Urate oxidase for the prevention and treatment of tumor lysis syndrome in children with cancer
Abstract
Background
Tumor lysis syndrome (TLS) is a serious complication of malignancies and can result in renal failure or death. Preliminary reports suggest that urate oxidase is highly effective in reducing serum uric acid. It is uncertain whether high quality evidence exists to support its routine use in children with malignancies.
Objectives
We aimed to determine the effectiveness and safety of urate oxidase in the prevention and treatment of TLS in children with malignancies.
Search methods
We performed a comprehensive search of the Cochrane Central Register of Controlled Trials (CENTRAL) (The Cochrane Library issue 2, 2009), MEDLINE (1966 to 2009), EMBASE (1980 to 2009) and CINAHL (1982 to 2009).
Selection criteria
Randomized controlled trials (RCT) and controlled clinical trials (CCT) evaluating urate oxidase for the prevention or treatment of TLS in children under 18 years with any malignancy.

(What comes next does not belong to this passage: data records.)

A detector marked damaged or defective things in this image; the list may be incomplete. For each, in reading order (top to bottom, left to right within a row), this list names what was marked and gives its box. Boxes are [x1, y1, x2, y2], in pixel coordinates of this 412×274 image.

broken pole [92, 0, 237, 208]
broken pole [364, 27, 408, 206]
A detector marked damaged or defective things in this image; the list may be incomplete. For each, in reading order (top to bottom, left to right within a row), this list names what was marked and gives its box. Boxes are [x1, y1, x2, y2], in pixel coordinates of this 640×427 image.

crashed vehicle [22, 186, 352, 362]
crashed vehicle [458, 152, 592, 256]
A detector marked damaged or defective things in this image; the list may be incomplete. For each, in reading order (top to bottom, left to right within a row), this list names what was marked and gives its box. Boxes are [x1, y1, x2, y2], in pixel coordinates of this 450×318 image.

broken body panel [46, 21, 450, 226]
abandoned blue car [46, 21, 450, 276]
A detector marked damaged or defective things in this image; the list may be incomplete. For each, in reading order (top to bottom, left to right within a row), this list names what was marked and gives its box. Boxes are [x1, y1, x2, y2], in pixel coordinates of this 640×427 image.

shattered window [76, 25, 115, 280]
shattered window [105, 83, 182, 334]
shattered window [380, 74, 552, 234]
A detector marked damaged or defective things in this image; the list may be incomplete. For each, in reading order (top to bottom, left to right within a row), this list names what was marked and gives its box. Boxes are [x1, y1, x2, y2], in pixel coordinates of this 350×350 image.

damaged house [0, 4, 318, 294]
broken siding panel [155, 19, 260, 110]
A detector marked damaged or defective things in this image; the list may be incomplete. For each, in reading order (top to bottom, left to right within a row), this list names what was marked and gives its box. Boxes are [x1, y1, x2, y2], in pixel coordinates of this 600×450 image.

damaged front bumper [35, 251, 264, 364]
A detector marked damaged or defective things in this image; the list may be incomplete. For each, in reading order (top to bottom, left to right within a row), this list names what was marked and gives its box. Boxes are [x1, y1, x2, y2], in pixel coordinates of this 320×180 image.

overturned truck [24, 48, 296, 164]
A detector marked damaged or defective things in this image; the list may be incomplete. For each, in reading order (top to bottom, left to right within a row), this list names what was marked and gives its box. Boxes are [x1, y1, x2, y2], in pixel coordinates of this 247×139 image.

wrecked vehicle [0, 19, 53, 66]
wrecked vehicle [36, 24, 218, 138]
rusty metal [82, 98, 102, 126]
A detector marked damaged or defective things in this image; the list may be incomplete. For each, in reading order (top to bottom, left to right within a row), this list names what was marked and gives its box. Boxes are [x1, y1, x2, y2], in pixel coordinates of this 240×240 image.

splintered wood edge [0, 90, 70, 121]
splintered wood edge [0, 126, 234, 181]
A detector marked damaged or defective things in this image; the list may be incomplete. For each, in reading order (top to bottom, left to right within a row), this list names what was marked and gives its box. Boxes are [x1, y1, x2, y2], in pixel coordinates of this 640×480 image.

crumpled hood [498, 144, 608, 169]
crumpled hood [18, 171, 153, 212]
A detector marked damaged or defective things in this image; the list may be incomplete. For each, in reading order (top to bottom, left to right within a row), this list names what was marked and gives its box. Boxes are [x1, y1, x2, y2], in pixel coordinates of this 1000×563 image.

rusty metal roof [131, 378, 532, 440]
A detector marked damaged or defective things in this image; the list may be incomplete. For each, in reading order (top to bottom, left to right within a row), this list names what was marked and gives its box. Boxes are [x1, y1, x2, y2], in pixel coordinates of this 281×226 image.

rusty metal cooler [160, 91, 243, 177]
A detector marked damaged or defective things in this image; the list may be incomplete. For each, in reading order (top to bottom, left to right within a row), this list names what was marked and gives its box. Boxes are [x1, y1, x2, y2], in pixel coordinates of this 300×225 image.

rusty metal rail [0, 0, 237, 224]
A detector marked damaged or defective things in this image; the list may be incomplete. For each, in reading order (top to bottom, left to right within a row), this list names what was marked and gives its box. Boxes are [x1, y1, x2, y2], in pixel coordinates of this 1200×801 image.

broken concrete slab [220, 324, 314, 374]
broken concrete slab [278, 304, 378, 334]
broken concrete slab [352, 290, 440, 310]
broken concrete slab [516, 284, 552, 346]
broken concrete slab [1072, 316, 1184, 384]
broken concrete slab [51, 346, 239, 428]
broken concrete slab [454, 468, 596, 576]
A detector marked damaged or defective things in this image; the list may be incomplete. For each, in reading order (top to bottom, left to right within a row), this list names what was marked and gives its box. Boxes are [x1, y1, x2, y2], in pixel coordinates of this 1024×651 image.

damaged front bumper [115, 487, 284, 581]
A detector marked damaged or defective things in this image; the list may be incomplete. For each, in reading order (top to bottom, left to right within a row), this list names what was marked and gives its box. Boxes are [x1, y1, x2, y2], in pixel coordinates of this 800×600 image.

Data collection and analysis
Two review authors independently extracted trial data and assessed individual trial quality. We used relative risk (RR) for binary data and mean difference (MD) for continuous data.
Main results
We included five trials, involved 336 patients in the treatment groups and 458 patients in the control groups. One RCT and three CCTs compared urate oxidase and allopurinol. Two trials tested Uricozyme and two tested rasburicase for the prevention of TLS. The RCT showed no significant difference in mortality or renal failure between the treatment and the control groups. The frequency of normalization of uric acid (RR 19.09, 95% CI 1.28 to 285.41) and area under curve of uric acid (MD ‐201, 95% CI to ‐258.05 to ‐143.95) were significantly better in the treatment group. One patient developed hemolysis. One CCT reported significantly lower mortality due to TLS (RR 0.05, 95% CI 0.00 to 0.89) and lower incidence of renal failure (RR 0.13, 95% CI 0.05 to 0.35) in the treatment group. Another CCT found significantly lower uric acid in the treatment group at 72 hours (MD ‐98.33, 95% CI ‐170.66 to ‐26) and 168 hours (MD ‐103.67, 95% CI ‐179.00 to ‐28.34). All included trials are highly susceptible to biases.
Another included RCT with 30 patients compared different doses of rasburicase (0.2 mg/kg versus 0.15 mg/kg), which demonstrated similar efficacy in the reduction of uric acid. Adverse events occurred in 20% of patients, including hemolysis, hypersensitivity and anemia.
Authors' conclusions
Although urate oxidase might be effective in reducing serum uric acid, it is still unclear whether this translates into a reduction in mortality or renal failure. Clinicians should weigh the potential benefits of reducing uric acid and uncertain benefits of preventing renal failure or mortality from TLS against the potential risk of adverse effects.
PICOs
Plain language summary
Urate oxidase for the prevention and treatment of complications from massive lysis (breakdown) of tumor cells in children with cancer
Tumor lysis syndrome occurs when uric acid and other cellular substances are rapidly released into the circulation when tumor cells are broken down spontaneously or during treatment. Uric acid has low solubility (does not dissolve easily), therefore it can build up in the kidney resulting in kidney failure and possibly death eventually. Urate oxidase is an enzyme that can be administered to patients at risk of tumor lysis syndrome to convert uric acid to a more soluble product, allantoin, which can be excreted by the kidneys more readily. Therefore, urate oxidase may be able to prevent or treat tumor lysis syndrome in patients with malignancies. However, the current systematic review of (randomized) controlled clinical trials found that although urate oxidase might be effective in reducing serum uric acid level, it has not been shown to reduce renal failure or mortality from tumor lysis syndrome in children with cancer.